Los combatientes enemigos fueron sepultados en vida en Guantánamo con nulo desprecio de cualquier garantía y una justificación digna de los principios éticos aquellos que defendía el personaje Trasímaco en los diálogos de Platón. Esto es, que el vencedor de las guerras puede hacer lo que le venga en gana. Cuesta trabajo creer que el payaso Bush venciera alguna vez contienda alguna -comenzando por las elecciones que le situaron en el despacho oval de la Casa Blanca- pero él se lo imaginaba y nadie supo pararle los pies a tiempo. Ahora su sucesor pone parches a una de las historias más sórdidas de nuestro tiempo asumiendo que las cárceles de Guantánamo son contrarias a todo derecho, que los terroristas han de ser juzgados de acuerdo con las leyes internacionales y que a nadie se le puede condenar sin un juicio llevado a cabo con las garantías necesarias.

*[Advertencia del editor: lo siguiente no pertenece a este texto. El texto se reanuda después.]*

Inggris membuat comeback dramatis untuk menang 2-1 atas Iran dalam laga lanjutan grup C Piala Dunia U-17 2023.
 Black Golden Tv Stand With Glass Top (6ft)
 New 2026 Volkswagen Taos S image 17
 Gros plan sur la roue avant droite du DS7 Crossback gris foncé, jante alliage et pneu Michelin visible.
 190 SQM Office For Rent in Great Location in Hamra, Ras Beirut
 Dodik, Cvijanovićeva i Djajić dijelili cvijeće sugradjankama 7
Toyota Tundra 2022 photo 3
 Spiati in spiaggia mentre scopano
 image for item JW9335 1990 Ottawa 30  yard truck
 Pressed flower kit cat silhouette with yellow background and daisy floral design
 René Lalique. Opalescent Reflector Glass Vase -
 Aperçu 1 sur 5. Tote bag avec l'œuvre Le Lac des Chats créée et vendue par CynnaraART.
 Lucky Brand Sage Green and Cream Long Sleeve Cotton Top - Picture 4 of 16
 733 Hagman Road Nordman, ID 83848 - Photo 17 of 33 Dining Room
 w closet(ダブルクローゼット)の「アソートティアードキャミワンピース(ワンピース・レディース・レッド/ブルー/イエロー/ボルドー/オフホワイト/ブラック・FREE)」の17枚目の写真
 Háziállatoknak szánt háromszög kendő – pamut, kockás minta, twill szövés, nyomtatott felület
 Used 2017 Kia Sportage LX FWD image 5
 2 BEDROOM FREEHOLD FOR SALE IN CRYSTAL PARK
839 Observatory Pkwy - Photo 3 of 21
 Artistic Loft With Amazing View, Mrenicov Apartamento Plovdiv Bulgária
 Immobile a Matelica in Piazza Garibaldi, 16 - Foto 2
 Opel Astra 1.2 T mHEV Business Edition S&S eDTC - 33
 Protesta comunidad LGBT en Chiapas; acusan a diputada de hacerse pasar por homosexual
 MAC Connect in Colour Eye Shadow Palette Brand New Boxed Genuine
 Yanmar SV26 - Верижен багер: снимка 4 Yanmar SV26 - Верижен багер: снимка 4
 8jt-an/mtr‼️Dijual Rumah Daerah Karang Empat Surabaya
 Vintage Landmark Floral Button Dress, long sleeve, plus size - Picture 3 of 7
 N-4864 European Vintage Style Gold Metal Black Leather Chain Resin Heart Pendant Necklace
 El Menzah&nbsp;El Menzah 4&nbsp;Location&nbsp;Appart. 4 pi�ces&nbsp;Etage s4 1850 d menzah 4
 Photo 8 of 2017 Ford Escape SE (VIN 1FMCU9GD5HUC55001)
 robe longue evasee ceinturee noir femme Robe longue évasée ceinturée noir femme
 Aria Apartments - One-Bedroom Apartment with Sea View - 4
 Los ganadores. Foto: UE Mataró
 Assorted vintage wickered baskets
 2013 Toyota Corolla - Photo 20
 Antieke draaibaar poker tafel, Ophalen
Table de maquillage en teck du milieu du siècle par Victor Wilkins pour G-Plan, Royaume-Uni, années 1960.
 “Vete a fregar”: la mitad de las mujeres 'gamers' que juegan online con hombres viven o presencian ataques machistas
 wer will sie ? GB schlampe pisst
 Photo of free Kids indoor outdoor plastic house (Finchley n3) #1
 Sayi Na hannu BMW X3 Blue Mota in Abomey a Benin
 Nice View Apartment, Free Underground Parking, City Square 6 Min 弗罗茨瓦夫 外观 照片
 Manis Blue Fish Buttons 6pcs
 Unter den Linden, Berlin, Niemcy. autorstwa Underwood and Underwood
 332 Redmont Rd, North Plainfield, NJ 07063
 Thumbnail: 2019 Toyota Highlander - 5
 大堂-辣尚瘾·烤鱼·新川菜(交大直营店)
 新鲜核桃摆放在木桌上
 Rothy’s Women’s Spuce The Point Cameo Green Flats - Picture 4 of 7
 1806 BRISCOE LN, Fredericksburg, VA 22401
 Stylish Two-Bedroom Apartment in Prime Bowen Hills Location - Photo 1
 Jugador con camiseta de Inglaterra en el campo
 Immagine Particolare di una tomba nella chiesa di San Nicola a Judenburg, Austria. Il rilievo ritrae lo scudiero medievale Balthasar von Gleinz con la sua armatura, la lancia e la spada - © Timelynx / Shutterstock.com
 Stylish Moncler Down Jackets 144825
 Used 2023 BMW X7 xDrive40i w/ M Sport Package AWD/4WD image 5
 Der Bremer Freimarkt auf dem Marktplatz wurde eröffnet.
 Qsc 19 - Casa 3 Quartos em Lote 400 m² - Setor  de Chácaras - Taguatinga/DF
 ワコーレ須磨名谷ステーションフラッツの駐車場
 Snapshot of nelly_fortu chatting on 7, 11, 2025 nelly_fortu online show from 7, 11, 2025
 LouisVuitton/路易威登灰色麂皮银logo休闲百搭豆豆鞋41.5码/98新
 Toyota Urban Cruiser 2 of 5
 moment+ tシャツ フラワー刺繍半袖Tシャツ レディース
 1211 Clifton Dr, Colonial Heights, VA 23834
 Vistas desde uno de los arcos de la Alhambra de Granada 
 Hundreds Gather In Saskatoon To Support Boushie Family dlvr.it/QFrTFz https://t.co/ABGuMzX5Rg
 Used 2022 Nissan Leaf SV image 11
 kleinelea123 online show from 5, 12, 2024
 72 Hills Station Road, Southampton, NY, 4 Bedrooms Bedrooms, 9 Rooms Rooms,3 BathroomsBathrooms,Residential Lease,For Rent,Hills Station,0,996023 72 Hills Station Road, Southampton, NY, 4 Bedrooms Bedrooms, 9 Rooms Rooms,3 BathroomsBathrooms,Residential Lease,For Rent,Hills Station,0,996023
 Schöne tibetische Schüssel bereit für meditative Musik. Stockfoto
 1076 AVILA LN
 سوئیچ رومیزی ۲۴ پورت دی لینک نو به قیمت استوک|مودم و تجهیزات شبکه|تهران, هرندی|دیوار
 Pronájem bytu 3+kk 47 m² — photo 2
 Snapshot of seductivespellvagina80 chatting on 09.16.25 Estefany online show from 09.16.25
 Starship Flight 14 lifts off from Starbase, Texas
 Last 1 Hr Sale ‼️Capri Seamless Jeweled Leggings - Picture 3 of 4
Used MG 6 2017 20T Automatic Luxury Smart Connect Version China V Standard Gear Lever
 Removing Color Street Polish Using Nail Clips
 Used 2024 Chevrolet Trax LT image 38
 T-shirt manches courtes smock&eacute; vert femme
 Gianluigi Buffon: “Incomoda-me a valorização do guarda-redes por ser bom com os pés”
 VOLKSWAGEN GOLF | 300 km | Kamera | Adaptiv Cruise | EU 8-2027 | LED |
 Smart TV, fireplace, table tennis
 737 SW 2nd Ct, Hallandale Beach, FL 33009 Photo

Para ello, lo primero que ha hecho el presidente Barak Obama es desterrar el palabro. Ya no habrá combatientes enemigos y, si los hay, será sin esas comillas que convertían la expresión en patente de corso. En espera, claro es, de que al siguiente prócer se le ocurra otra denominación, a guisa de varita mágica, para dar paso al próximo atropello.